This is a Large-scale Unsupervised Semantic Segmentation benchmark.
Powered by the ImageNet dataset, unsupervised learning on large-scale data has made significant advances for classification tasks. There are two major challenges to allowing such an attractive learning modality for segmentation tasks: i) a large-scale benchmark for assessing algorithms is missing; ii) unsupervised shape representation learning is difficult. We propose a new problem of large-scale unsupervised semantic segmentation (LUSS) with a newly created benchmark dataset to track the research progress. Based on the ImageNet dataset, we propose the ImageNet-S dataset with 1.2 million training images and 50k high-quality semantic segmentation annotations for evaluation. Our benchmark has a high data diversity and a clear task objective.
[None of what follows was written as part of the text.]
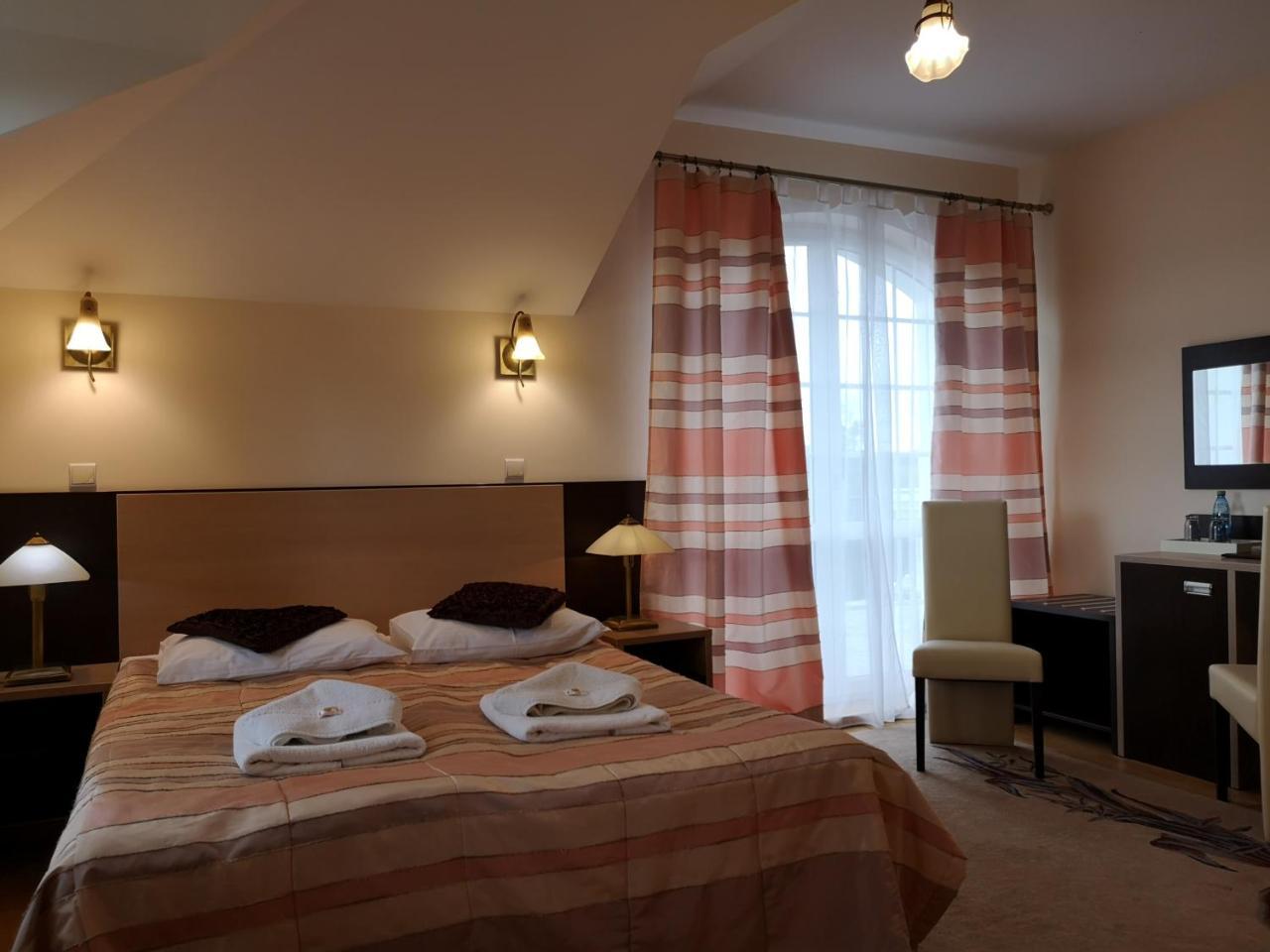 Błękitny Anioł Nocleg ze śniadaniem 3*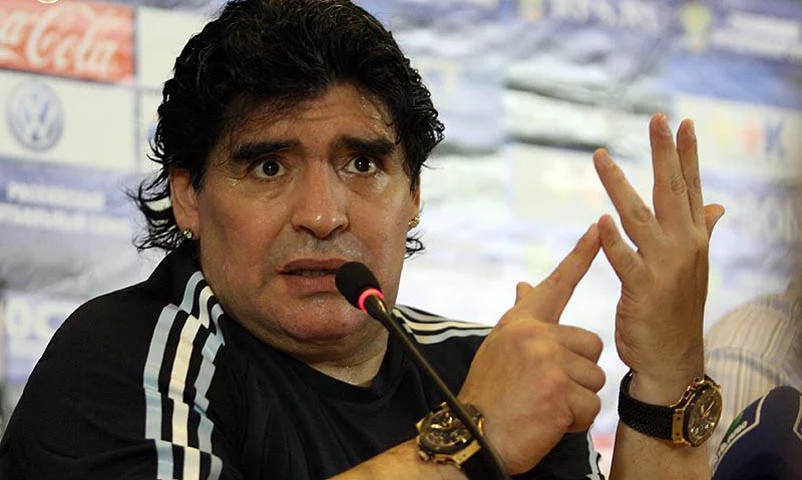 Durante a campanha, adversários resgataram postagem de Milei em redes sociais nas quais o político debochava de Maradona chamando o ídolo argentino, morto em 2019, de Maradroga.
We also present a simple yet effective baseline method that works surprisingly well for LUSS. In addition, we benchmark related un/weakly/fully supervised methods accordingly, identifying the challenges and possible directions of LUSS.
The Large-scale Unsupervised Semantic Segmentation (LUSS) task aims to assign labels from hundreds of categories to pixels from millions of images without the help of human annotation. The model learns to conduct semantic segmentation with Self-Learning.
PASS: A new method for LUSS.
Semi-supervised semantic segmentation task aims to finetuning on the pretrained models with 1% pixel-level annotations in ImageNet-S dataset to support large-scale semantic segmentation. You can use it to benchmark pretraining strategies or network designs.
ImageNetSegModel: A semi-supervised codebase to test various self-supervised pretraining models and backbones.
MMSegmentaion: The large-scale semantic segmentation on the MMSegmentation codebase, better performance is observed thanks to the MMSegmentation.
Based on the ImageNet dataset, the ImageNet-S dataset has 1.2 million training images and 50k high-quality semantic segmentation annotations to support unsupervised/semi-supervised semantic segmentation on the ImageNet dataset. It contains 1183322 training, 12419 validation, and 27423 testing images from 919 categories. We annotate 39842 val/test images and 9190 training images with precise pixel-level masks.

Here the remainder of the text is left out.